-- Records for this exercise --
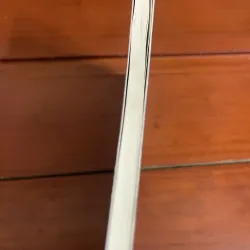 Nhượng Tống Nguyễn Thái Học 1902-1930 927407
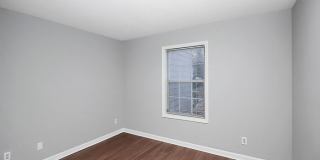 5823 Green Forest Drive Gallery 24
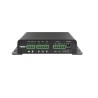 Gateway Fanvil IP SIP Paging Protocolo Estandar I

==

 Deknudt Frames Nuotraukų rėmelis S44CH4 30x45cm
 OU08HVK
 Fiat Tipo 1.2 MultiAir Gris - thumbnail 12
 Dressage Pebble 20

---

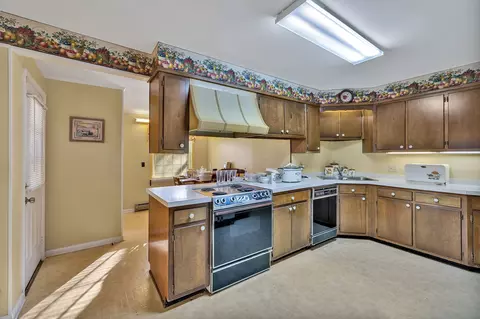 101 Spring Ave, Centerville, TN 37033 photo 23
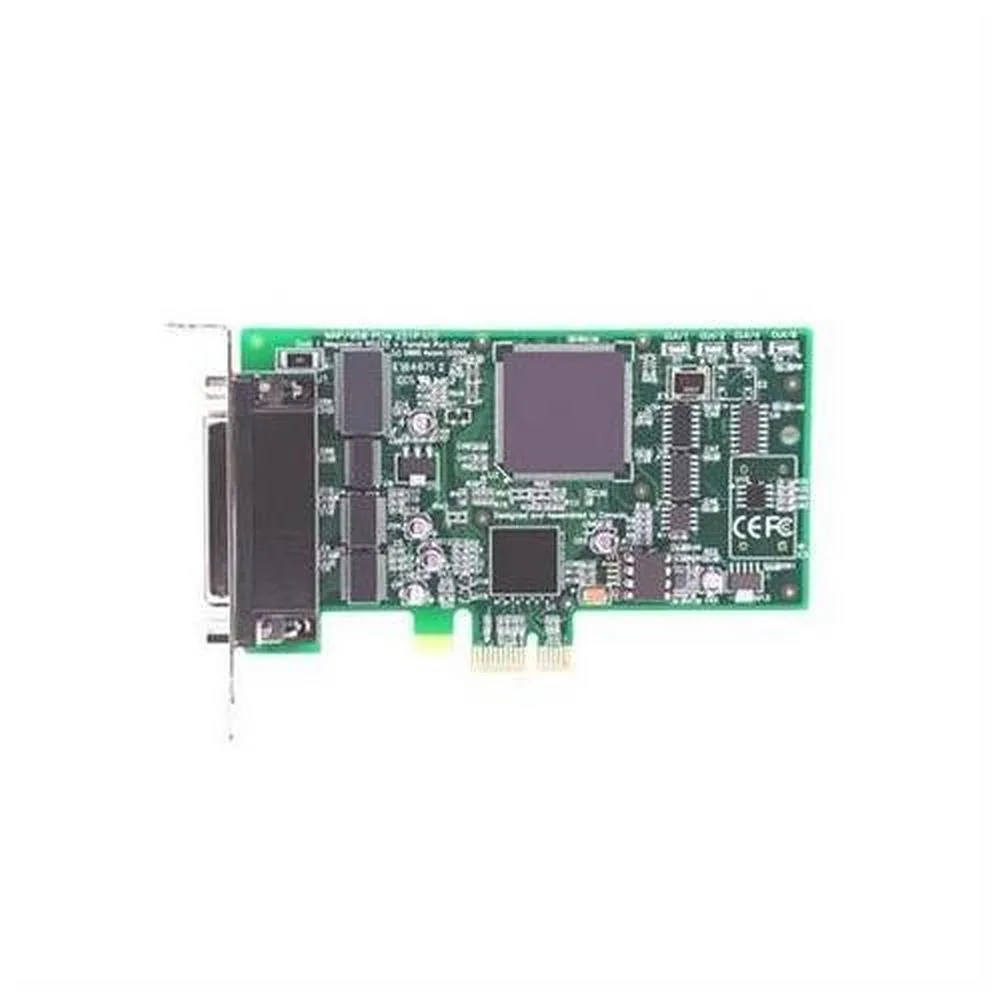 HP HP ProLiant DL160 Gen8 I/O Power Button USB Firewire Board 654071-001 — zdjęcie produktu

-- Instructions for the task --
I would like the exact lines from the data above, starting with the one that holds "Nhượng Tống Nguyễn Thái Học 1902-1930 927407" and going on through the one that holds "Gateway Fanvil IP", without the pictures.

-- Response area --
 Nhượng Tống Nguyễn Thái Học 1902-1930 927407
 5823 Green Forest Drive Gallery 24
 Gateway Fanvil IP SIP Paging Protocolo Estandar I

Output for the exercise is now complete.